• Task prompt:
All lines in the data below carrying the string "kitchen" are to be located and copied.

• Given data:
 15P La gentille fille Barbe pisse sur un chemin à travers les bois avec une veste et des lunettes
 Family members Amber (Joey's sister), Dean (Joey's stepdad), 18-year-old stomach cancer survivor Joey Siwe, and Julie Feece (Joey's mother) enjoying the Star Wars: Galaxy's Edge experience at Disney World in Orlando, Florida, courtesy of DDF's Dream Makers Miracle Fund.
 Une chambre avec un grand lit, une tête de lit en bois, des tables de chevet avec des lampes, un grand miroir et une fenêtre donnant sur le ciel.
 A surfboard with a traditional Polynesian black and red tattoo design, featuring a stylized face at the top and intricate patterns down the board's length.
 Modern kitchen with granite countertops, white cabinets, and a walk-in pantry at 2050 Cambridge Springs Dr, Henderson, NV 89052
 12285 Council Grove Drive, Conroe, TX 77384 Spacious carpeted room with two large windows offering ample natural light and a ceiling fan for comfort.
...
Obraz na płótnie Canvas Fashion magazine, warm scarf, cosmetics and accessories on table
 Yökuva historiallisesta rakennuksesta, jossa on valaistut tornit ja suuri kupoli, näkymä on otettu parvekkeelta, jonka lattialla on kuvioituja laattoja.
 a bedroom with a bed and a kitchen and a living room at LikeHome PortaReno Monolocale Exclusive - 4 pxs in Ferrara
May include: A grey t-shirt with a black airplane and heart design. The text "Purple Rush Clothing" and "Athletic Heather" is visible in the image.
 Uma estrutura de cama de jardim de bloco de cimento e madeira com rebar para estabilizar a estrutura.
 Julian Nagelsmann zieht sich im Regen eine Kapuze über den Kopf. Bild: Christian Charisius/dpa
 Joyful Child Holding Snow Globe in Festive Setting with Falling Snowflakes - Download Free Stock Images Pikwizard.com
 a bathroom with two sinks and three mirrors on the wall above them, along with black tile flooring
--
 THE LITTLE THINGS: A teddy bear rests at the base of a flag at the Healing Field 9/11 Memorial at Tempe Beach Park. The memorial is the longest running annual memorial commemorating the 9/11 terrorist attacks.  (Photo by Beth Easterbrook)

• Output:
 Modern kitchen with granite countertops, white cabinets, and a walk-in pantry at 2050 Cambridge Springs Dr, Henderson, NV 89052
 a bedroom with a bed and a kitchen and a living room at LikeHome PortaReno Monolocale Exclusive - 4 pxs in Ferrara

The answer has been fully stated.